- **Problem requirements**:
Could you retype exactly the line containing "Audi A4 Avant" and every line after it in the data below, leaving out the pictures?

- **Data**:
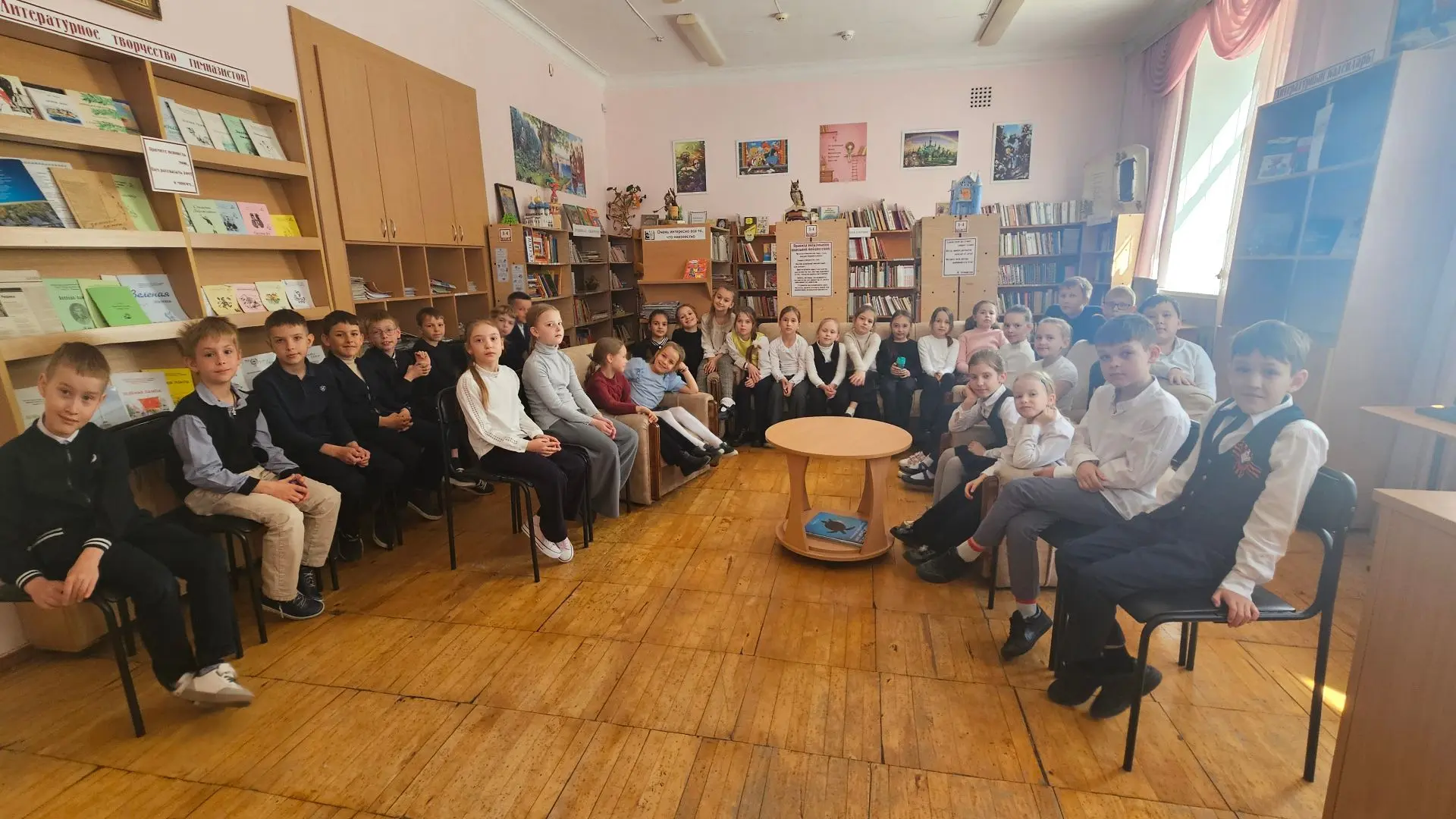"БИБЛИОТЕКА"📚  В библиотеке Первой гимназии  прошел увлекательный урок, посвященный истории русской 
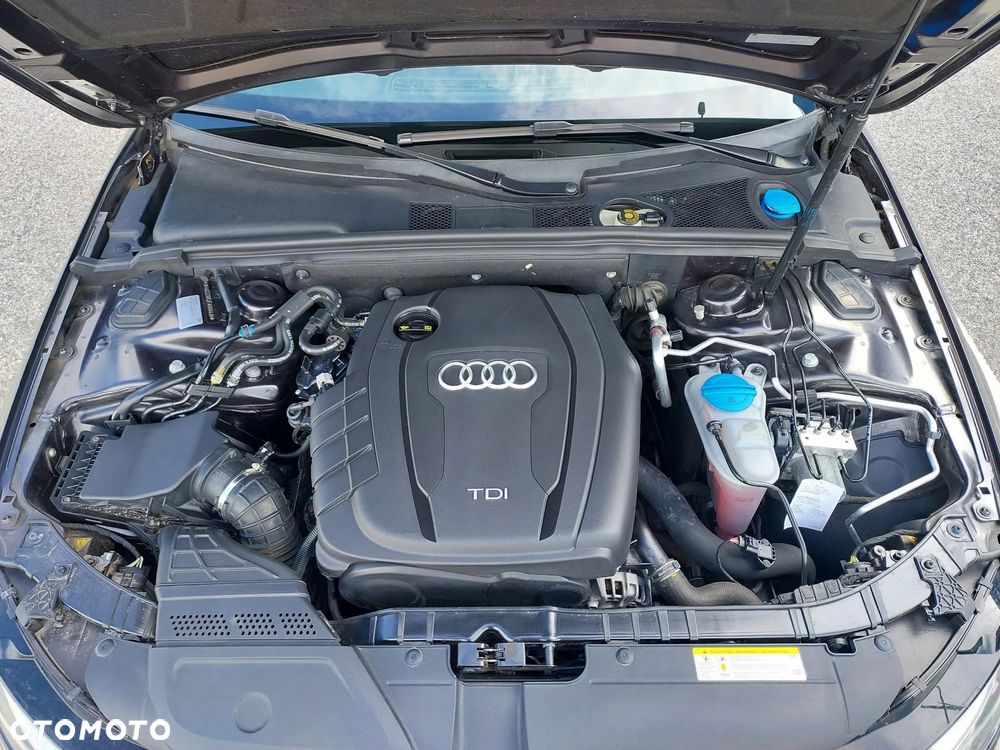 Audi A4 Avant 2.0 TDI DPF quattro S line Sportpaket - 16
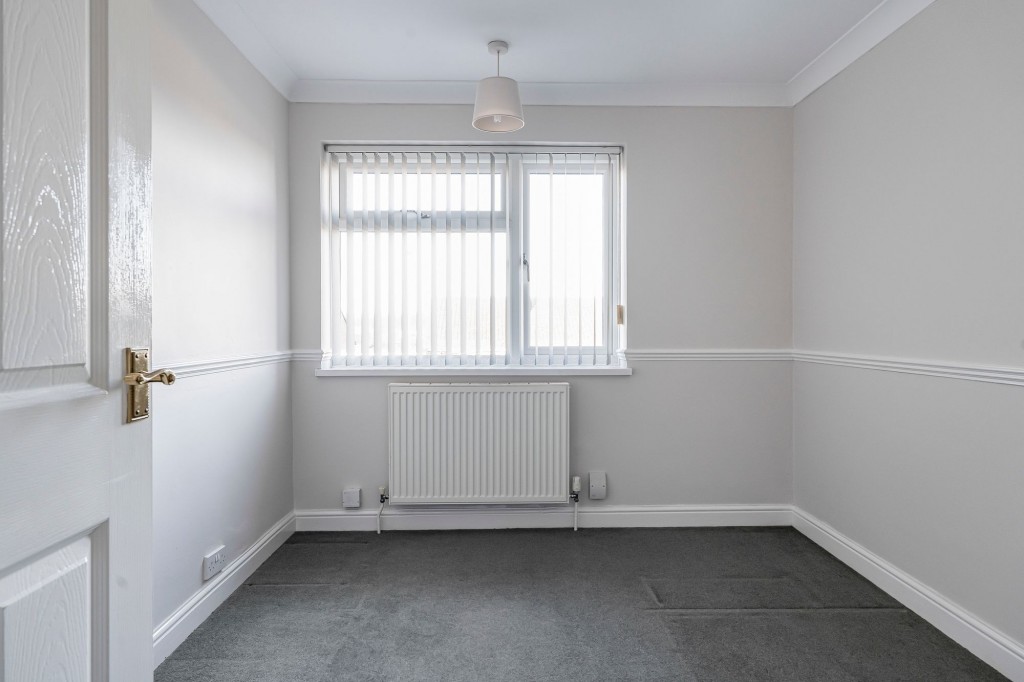 The Broadway, Swindon, SN25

- **Solution to this exercise**:
 Audi A4 Avant 2.0 TDI DPF quattro S line Sportpaket - 16
 The Broadway, Swindon, SN25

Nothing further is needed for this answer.